Re: [PATCH] nfsd: fallback to sync COPY if async not possible

"NeilBrown" <neilb@xxxxxxx> · Wed, 06 Nov 2024 15:30:54 +1100

On Wed, 06 Nov 2024, Olga Kornievskaia wrote:
> On Tue, Nov 5, 2024 at 4:06 PM NeilBrown <neilb@xxxxxxx> wrote:
> >
> > On Wed, 06 Nov 2024, Chuck Lever wrote:
> > >
> > > Having nfsd threads handle this workload again invites a DoS vector.
> >
> > Any more so that having nfsd thread handling a WRITE workload?
> 
> Isn't a difference between a COPY and a WRITE the fact that the server
> has the ability to restrict the TCP window of the client sending the
> bytes. And for simplicity's sake, if we assume client/server has a
> single TCP stream when the window size is limited then other WRITEs
> are also prevented from sending more data. But a COPY operation
> doesn't require much to be sent and preventing the client from sending
> another COPY can't be achieved thru TCP window size.

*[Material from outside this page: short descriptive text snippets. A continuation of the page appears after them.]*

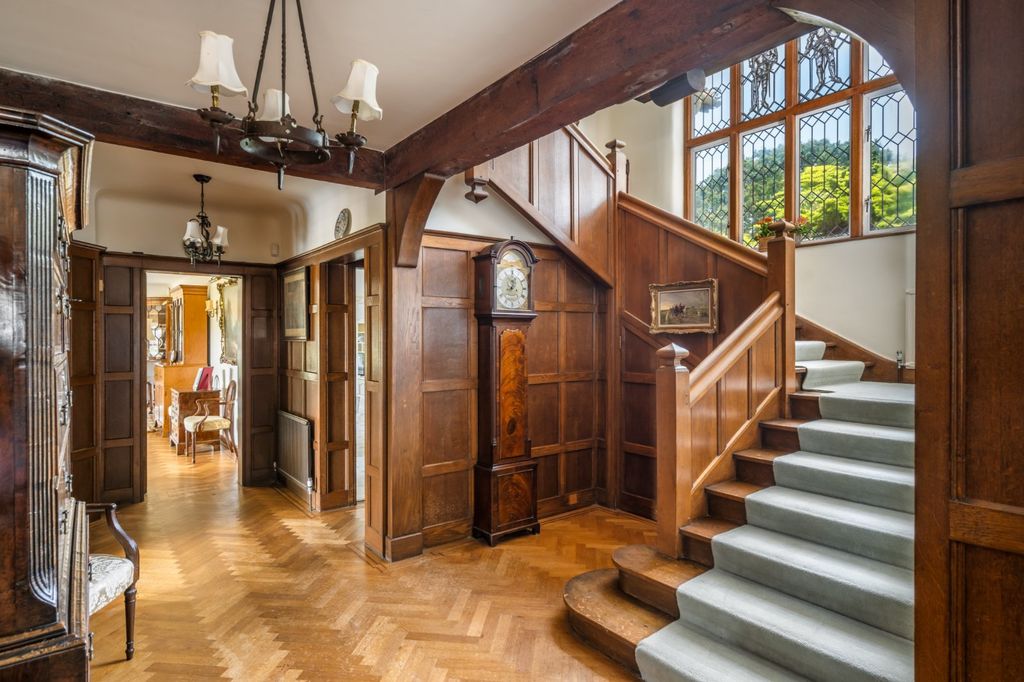 Additional image 6 of 6 bed detached house for saleThe Close, Aldwick Bay Estate, Aldwick, West Sussex PO21
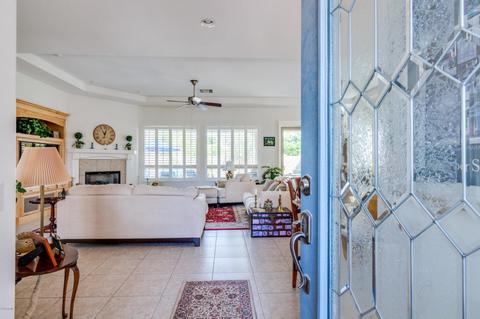 4652 E Donato Dr, Gilbert, AZ 85298 photo 6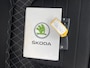 Skoda Fabia Combi 1.0 TSI Ambition Automaat Airco Cruise BTW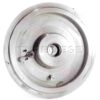 Carcasa CHRA BH-G15-10-2 pentru turbine model GTC1444VZ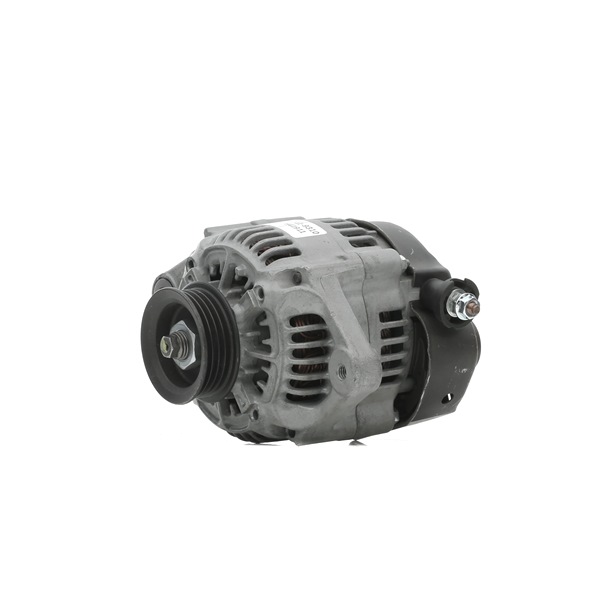 Kjøp Dynamo av RIDEX REMAN 4G1264R til den lave prisen 1273,18 NOK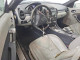Mercedes-Benz SLK-CLASS 2006 — Copart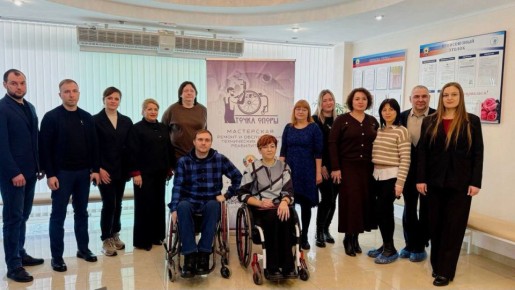 ������� ����� ��� ������� ������� � �������� ���������� ������ ������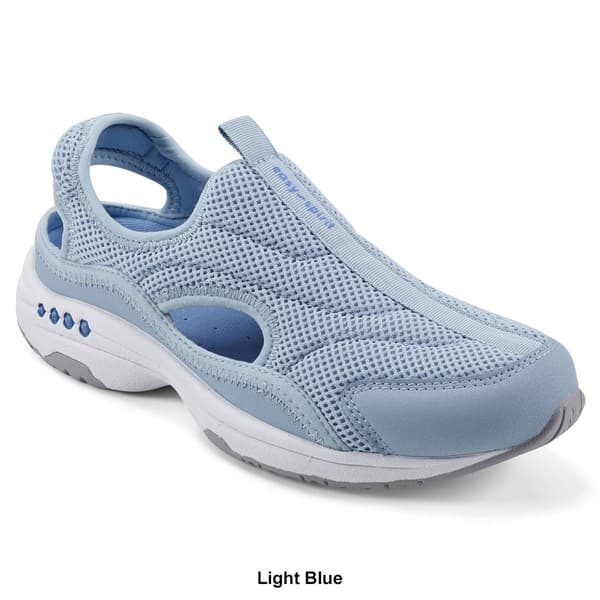 Womens Easy Spirit Trina Athletic Sneakers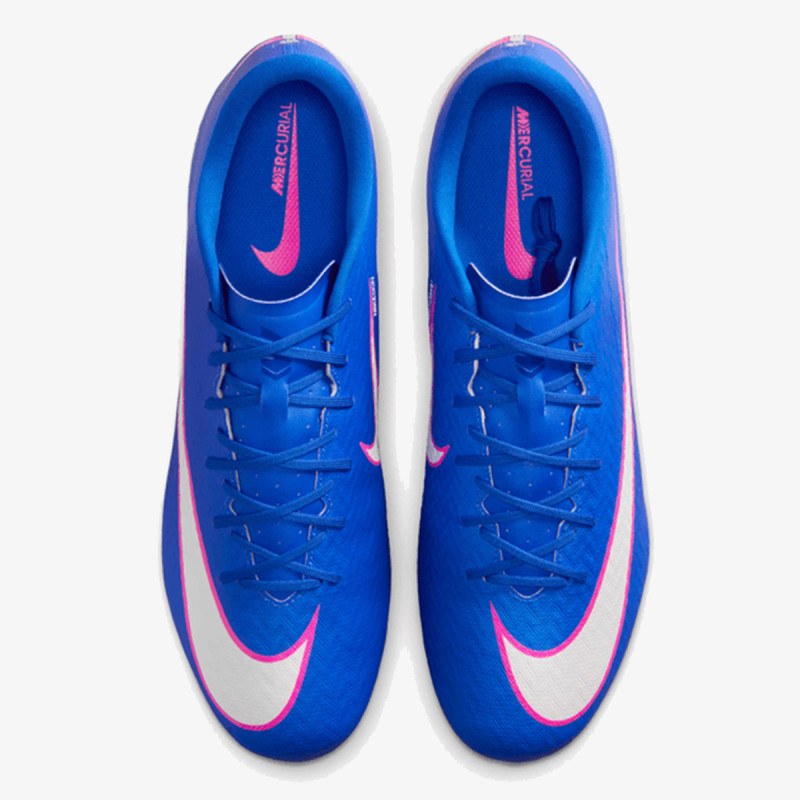 Nike Ghete de fotbal ZM VAPOR 16 ACADEMY FG/MG 
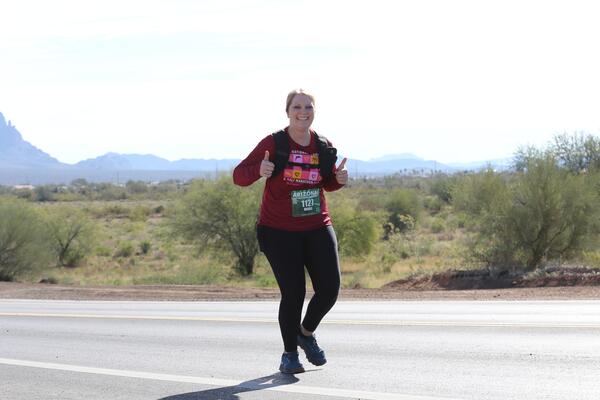 2026 Lost Dutchman Marathon photo by RacePlace 1563 of 1822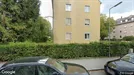 Apartment for rent, Ebenthal in Kärnten, Kärnten, Obirstraße, Austria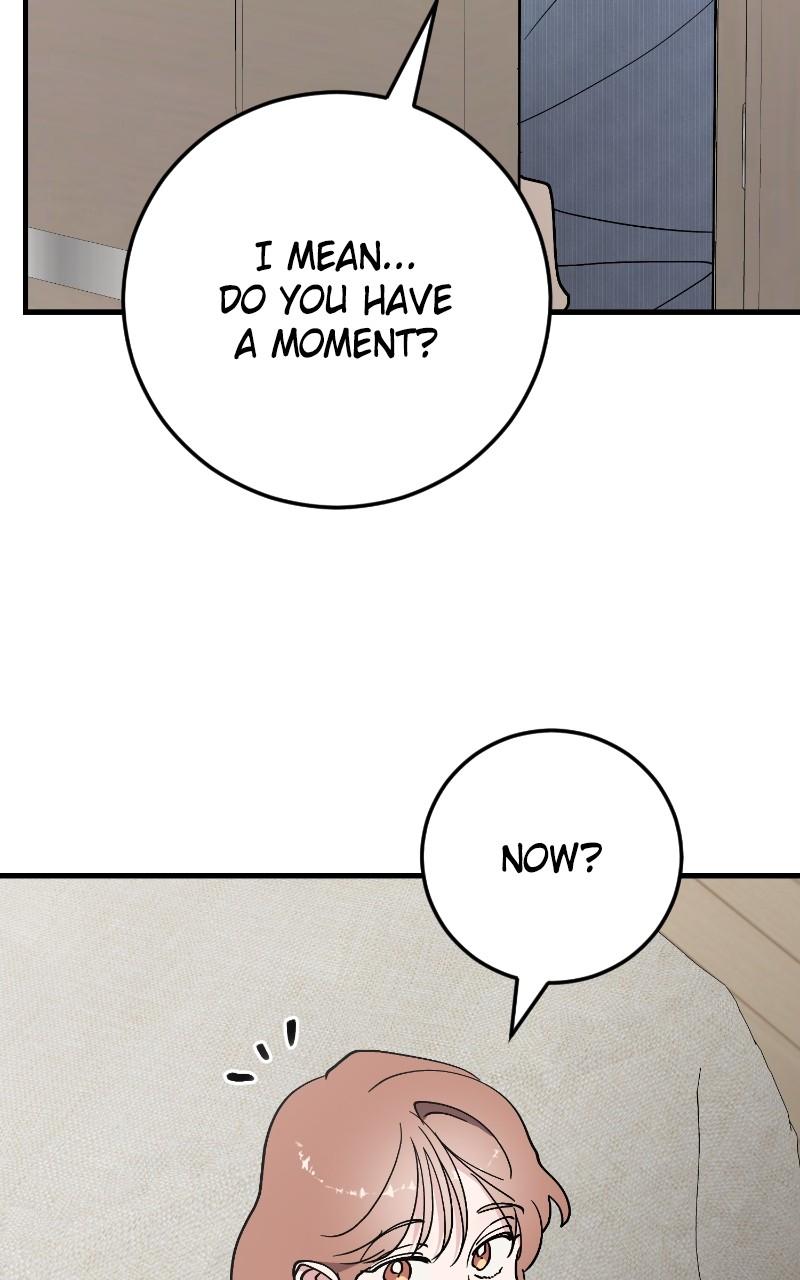 I Spy a Married Life Chap 85 - Next Chap 86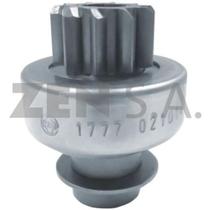 Impulsor do motor de partida Hyundai Hb20 X 2012 a 2023 ZEN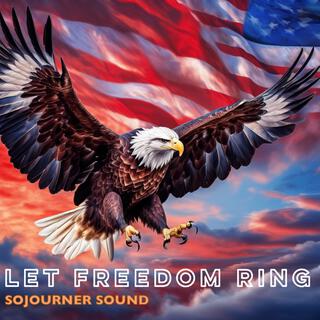 Let Freedom Ring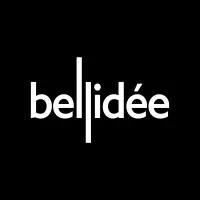 BELLIDEE (CSE)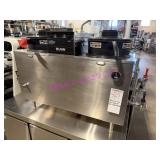 1X, BUNN U3 TWIN COFFEE MACHINE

I think you are saying that the WRITE requests are naturally throttled. 
However that isn't necessarily the case.  If the network is
significantly faster than the storage path, and if a client (or several
clients) send enough concurrent WRITE requests, then all nfsd threads
could get stuck in writeback throttling code - which could be seen as a
denial of service as no other requests could be serviced until
congestion eases.

So maybe some threads should be reserved for non-IO requests and so
would avoid dequeuing WRITE and READ and COPY requests - and would not
be involved in async COPY.

So I'm still not convinced that COPY in any way introduced a new DoS
problem - providing the limit of async-copy threads is in place.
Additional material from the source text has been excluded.